GNOME Bugzilla – Bug 685421
Stock focus ring theming is not good enough
Last modified: 2014-05-12 02:01:21 UTC
The stock implementation of gtk_render_focus() in GtkThemingEngine only takes two style properties into account: focus-line-width and focus-line-pattern. It's not possible to: - change the focus ring color - change the focus ring line radius - use a different style that is not either solid or dashed There's also a couple of other style propreties that deal with focus, but they're left to each individual widget to be implemented: - focus-padding: an additional padding between the focus line and the widget edge. Some widgets allocate this extra space. - interior-focus: whether to draw the focus ring inside a widget or outside as an additional bevel. Some widgets read the value of this style property and change the size and position of the focus ring. I think a rough plan to change this status quo would include: - change gtk_render_focus() to call gtk_render_frame() internally: this would solve the first three problems mentioned in this bug report - as e.g. in a GtkButton, gtk_render_focus() is called with the style context of the button, we then need a way for the theme to select the focus ring element. Possible ideas: 1) add a "focus-ring" style class on the context when rendering the focus ring - this has probably the downside of requiring high specificity selectors in the theme that override borders for e.g. buttons in different scenarios; 2) make it a region 3) make it so that every focusable widget style context has a "virtual" child with a specific style class. - the focus ring by default would have the same width of the frame; the focus-padding style property could be replaced by setting a margin on the focus ring element - If we still want to support something like interior-focus, it could be possible to set a padding on the focus-ring element; this would make it bigger than the frame, and keep the element inside, but it would probably complicate a bit the rendering code to support it generically inside widgets. Opinions?
What is missing from outline in the regular box model, and using that and borders with :focus in the CSS? My solution is to stop using gtk_render_focus() completely, ignore all style properties and just use better CSS in the theme.

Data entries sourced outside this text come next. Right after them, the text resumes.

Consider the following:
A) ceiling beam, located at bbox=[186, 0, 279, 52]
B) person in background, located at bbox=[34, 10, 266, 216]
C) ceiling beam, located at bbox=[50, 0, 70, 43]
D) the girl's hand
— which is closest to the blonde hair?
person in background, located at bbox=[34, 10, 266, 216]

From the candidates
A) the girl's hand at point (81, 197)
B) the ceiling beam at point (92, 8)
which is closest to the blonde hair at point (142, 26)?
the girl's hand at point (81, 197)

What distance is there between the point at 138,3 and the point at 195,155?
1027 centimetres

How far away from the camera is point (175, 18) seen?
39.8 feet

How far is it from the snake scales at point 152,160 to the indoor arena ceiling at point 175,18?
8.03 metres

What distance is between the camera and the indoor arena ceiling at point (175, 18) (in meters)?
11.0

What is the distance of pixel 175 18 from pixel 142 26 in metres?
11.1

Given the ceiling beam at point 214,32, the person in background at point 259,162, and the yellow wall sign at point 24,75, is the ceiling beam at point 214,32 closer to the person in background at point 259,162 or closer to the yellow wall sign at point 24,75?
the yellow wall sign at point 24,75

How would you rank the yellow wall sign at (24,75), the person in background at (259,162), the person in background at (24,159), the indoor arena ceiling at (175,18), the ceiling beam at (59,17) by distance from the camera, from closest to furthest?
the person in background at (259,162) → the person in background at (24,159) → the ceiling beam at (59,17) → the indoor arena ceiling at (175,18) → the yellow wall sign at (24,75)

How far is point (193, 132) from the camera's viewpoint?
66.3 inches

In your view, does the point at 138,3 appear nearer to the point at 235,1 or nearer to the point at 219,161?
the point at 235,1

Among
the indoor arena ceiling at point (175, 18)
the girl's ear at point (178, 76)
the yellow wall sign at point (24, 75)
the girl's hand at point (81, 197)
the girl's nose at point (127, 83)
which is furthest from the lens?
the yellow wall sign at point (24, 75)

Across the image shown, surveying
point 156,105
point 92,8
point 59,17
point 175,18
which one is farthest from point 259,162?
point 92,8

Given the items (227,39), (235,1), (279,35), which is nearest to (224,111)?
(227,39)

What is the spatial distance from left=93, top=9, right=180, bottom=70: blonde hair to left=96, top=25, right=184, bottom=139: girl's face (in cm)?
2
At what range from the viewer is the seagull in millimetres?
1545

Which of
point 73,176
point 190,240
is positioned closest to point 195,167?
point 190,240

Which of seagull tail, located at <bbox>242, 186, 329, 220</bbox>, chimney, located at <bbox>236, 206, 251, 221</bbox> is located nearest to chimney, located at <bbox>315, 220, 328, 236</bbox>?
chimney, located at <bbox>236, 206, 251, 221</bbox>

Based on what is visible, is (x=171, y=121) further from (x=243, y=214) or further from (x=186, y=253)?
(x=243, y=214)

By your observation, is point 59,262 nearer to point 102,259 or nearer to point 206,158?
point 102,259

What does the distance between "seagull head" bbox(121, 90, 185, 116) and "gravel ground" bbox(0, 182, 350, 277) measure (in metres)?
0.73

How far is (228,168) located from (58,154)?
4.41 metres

(In reply to comment #1) > What is missing from outline in the regular box model, and using that and > borders with :focus in the CSS? The problem with outline is it misses the radius; you're right in that we could use outline-offset instead of margins and paddings in my previous example with frames, to decide the distance of the focus ring from the frame though. > My solution is to stop using gtk_render_focus() completely, ignore all style > properties and just use better CSS in the theme. But :focus and the focus ring are two different things - e.g. a button can be of state focused with no focus ring displayed. We would still need an element, a widget state or a style class specifically for the "I have a focus ring" state - I don't see any way around it unless we decide that outlines in GTK are *only* used for focus, and then the theme could just set outline-width etc in a generic selector and it would only be rendered when a focus ring is needed.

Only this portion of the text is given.